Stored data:
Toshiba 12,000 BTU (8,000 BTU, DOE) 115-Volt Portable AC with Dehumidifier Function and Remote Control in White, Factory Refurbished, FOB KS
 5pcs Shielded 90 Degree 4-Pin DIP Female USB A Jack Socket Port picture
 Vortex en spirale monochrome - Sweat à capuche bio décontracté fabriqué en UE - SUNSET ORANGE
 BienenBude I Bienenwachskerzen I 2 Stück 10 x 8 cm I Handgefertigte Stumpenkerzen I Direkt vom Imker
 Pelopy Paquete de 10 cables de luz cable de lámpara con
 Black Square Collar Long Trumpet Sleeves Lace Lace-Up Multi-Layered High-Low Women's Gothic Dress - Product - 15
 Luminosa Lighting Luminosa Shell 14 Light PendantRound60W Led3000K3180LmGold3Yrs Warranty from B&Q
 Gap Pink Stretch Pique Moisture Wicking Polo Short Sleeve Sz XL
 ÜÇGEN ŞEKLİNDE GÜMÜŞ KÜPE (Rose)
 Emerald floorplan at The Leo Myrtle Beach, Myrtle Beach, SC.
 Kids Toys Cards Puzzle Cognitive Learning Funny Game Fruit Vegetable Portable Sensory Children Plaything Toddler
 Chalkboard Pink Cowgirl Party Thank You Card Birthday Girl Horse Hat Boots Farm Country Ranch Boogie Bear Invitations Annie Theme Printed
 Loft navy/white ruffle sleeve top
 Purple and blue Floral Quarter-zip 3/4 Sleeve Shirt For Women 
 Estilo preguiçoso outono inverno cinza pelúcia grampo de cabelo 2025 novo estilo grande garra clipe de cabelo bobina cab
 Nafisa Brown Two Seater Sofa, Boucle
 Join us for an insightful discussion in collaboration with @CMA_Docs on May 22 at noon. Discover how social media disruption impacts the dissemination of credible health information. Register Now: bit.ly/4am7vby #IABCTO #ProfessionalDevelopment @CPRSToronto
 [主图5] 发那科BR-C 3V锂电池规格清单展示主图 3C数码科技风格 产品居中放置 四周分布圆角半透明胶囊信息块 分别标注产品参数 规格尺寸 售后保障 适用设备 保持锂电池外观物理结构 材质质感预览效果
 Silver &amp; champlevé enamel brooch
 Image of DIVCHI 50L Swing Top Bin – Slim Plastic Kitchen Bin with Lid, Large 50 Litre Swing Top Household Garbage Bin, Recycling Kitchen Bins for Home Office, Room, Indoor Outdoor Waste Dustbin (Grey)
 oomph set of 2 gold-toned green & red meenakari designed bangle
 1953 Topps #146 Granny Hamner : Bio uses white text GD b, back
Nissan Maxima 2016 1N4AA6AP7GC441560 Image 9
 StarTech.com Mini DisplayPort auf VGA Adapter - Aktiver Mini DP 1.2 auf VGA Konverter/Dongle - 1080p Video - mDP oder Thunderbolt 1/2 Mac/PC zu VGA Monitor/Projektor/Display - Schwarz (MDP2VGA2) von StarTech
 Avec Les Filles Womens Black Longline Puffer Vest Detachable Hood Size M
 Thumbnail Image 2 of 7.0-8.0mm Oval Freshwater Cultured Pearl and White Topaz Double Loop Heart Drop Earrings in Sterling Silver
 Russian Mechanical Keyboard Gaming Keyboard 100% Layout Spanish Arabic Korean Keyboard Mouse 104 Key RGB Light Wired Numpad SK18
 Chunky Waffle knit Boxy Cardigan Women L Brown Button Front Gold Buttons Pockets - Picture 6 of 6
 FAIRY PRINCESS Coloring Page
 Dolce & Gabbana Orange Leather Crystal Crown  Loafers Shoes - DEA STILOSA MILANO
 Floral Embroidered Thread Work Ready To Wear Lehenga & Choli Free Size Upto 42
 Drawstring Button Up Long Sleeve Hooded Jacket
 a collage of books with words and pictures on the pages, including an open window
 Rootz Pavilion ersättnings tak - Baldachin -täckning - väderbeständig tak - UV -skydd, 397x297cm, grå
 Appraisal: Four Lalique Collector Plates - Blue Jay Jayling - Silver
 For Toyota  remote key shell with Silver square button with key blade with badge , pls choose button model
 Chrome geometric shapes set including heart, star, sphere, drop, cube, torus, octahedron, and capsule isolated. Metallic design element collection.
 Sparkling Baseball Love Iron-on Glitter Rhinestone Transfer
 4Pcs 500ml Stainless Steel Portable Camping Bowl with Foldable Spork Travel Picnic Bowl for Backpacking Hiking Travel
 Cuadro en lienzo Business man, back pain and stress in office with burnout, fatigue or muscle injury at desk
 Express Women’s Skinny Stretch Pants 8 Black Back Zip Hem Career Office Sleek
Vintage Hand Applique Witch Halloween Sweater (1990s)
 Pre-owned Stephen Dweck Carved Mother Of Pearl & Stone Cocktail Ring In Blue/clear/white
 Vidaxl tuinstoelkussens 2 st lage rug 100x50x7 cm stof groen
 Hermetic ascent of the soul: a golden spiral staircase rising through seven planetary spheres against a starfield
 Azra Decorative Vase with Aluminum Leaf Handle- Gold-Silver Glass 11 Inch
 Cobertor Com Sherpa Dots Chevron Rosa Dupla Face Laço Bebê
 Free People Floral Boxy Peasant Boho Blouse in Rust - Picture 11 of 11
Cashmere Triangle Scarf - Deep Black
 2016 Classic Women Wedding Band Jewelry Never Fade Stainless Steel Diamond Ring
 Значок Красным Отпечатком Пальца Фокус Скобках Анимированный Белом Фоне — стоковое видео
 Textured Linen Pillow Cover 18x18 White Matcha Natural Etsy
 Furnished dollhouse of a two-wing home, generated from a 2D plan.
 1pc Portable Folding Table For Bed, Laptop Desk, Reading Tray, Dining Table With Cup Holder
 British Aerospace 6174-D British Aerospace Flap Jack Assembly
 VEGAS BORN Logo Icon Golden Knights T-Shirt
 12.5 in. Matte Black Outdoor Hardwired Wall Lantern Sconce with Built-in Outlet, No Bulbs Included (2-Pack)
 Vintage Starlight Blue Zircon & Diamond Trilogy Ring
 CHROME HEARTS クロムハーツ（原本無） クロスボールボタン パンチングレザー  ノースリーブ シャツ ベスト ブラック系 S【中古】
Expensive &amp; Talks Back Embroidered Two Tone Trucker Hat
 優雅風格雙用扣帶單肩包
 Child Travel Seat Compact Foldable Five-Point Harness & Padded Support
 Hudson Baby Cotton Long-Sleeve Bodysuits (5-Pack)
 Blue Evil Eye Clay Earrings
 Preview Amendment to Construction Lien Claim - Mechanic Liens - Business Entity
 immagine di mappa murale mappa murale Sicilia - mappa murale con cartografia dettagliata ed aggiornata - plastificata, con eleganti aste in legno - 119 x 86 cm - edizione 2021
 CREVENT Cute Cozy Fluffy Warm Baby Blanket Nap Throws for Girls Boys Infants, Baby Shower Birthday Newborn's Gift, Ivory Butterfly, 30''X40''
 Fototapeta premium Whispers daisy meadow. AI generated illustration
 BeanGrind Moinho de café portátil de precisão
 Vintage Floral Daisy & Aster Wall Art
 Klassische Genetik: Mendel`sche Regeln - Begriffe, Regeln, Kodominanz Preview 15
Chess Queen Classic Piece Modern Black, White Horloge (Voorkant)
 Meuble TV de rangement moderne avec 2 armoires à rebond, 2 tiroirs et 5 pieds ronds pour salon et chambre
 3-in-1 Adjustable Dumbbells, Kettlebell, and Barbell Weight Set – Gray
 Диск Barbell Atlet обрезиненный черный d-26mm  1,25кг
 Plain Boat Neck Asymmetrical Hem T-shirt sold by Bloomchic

• [EXERCISE AIM]:
Go through the lines above. Select every one that has the string "Pink".

• [RESPONSE FOR THIS EXERCISE]:
 Gap Pink Stretch Pique Moisture Wicking Polo Short Sleeve Sz XL
 Chalkboard Pink Cowgirl Party Thank You Card Birthday Girl Horse Hat Boots Farm Country Ranch Boogie Bear Invitations Annie Theme Printed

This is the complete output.